Onun ardından Roma İmparatorluğu ciddi anlamda küresel bir potansiyel taşımıyor muydu? Hatta genel anlamda imparatorluk mefhumunun başlı başına bir küresellik iması olduğunu söylemek çok mu abartılı olur? Bu bağlamda bugün dünyanın neredeyse bütün hukuk fakültelerinde “Roma Hukuku” diye bir dersin olması bu küreselleşmenin günümüze yansıması değil mi?
Meseleye siyasi tarih açısından değil, örneğin dinler tarihi açısından da bakabiliriz. Semavi dinlerin birer küresel iddia içermedikleri söylenebilir mi? Musevi tecrübeyi daha çok belirli toplumu yöneldiği için dışarıda bıraksak bile, Hıristiyanlık ve İslam’ın küresel iddiaları olan gelenekler olduğunu söylemek pek zorlama olmaz. Bu anlamda örneğin, Fener Rum Patrikhanesi’nin ekümeniklik iddiası ne anlama geliyor?
Ancak bence dünyanın çağının koşullarına göre en fazla küreselleştiği dönemlerden biri Rönesans ve sonrasında gerçekleşen Avrupa merkezli küreselleşme. Hatta bugün hâlâ bu sürecin devamında yaşadığımız bile söylenebilir. Bugün "Batı” diye bildiğimiz kavram aslında bu küreselleşmenin bir sonucu olarak ortaya çıkıyor. Meseleye geniş bir açıdan bakarsak “Amerika’nın keşfi” “Uzak Doğu’nun keşfi” aslında komik terimler değil mi? Çünkü o coğrafyalar zaten mevcut. “Keşif” bir Avrupalının oraya erişmesi anlamına geliyor sadece. Özellikle on altıncı yüzyıldan itibaren dünyayı bir bütün haline getirenin Rönesans, Reformasyon ve coğrafi keşiflerle birlikte Avrupa’nın insiyatifi olduğunu altını çizmek gerek. Bu tarihsel bir gerçeklik. Artık bununla yüzleşmek gerekiyor. Mesela hümanizm ve dolayısıyla insanlık mefhumu bu dönemde genelleşmeye başlıyor. İçerdiği her türlü soruna rağmen. Batı aslında yüzyıllardır bu avantajının ekmeğini yiyor.

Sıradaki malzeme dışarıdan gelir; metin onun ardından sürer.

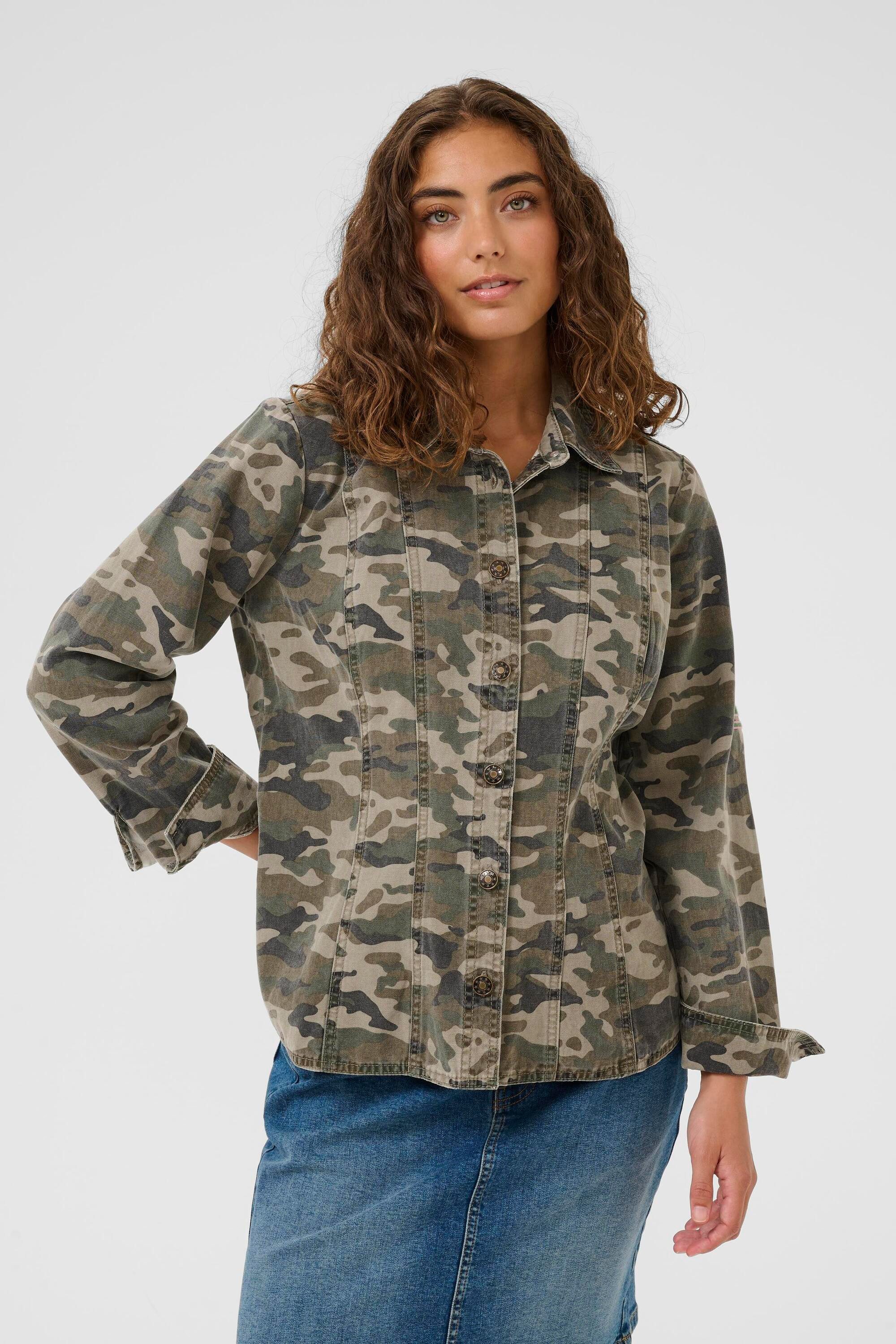 Culture Langarmhemd Langarm - Hemd CUcamilja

Aslında meramım şu: Dünya ilk kez çağımızda küreselleşmiyor. Ya da başka bir deyişle küreselleşme kendi içinde bir şekilde devam ediyor ve değişiyor. Bir anlamda insanoğlu bu gezegende var olduğundan beri potansiyel olarak bir küreselleşme mevcut. Örneğin tekerlek küreselleşmenin olmazsa olmazlarından biri en başından beri! Parayı, ticareti, ithalatı, ihracatı hep bu çerçevede ele alabiliriz. Ama aynı zamanda matbaayı, kitabı, sanatı, edebiyatı da aynı sürecin boyutları olarak görebiliriz. Hatta sömürgecilik, emperyalizm, dünya savaşları yine aynı küreselleşme perspektifinin olumsuz veçheleri olarak değerlendirilebilir.
Bir anlamda insan var olduğundan beri, her dönemin mevcut koşullarının sınırları içinde bir küreselleşme hep vardı zaten. Günümüzde yaşadığımız ise özellikle internet ve sosyal medyayla birlikte eriştiğimiz elbette kendi içinde çok büyük bir sıçrama hepsi o kadar.

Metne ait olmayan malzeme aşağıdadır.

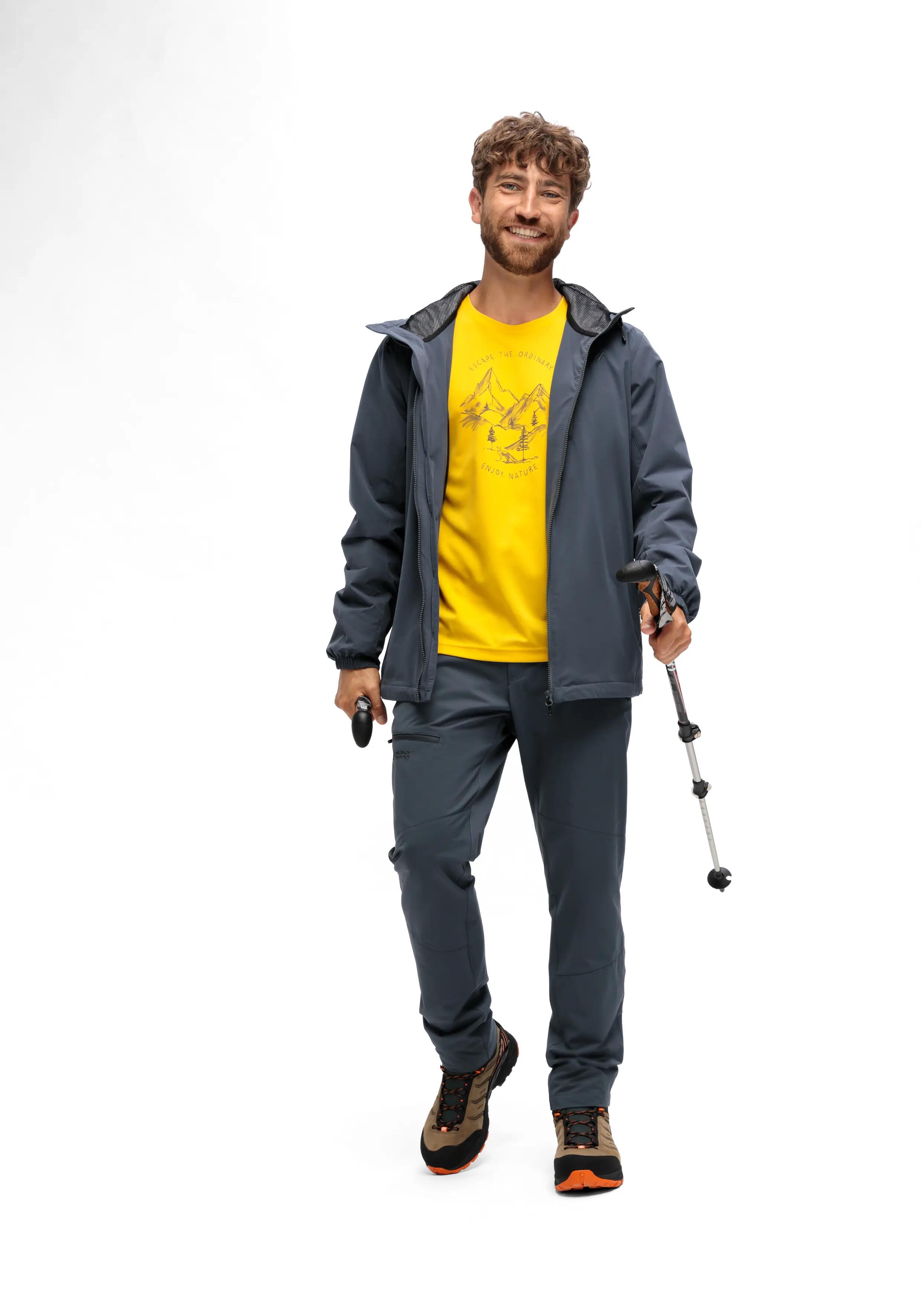 Waterdichte Jas Maier Sports ArorA Loop 8/8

Türkiye’de küreselleşmeyi bir kesim “küresel kapitalizm”, diğer bir kesim “Batı” olarak okumaya alışkın olduğu için, onun hep olumsuz yönlerini görebiliyorlar. Haklı oldukları taraflar yok değil elbette. Ancak küreselleşmeyi olumsuz değerlendirirken bile onun içerdiği “insanlık mefhumu” payını düşmeyi unutmamak da gerekiyor. İnsanlık mefhumu derken dünyaya bir bütün olarak bakabilme imkânından söz ediyorum. Küreselleşmeye topyekûn karşı çıkarken kolaylıkla gözden kaçırılan bir nokta burası. Böylesi bir anti-küreselleşmeci bakış dünyayı reddetmeye dönüşebiliyor. Sadece hatırlatmak istedim.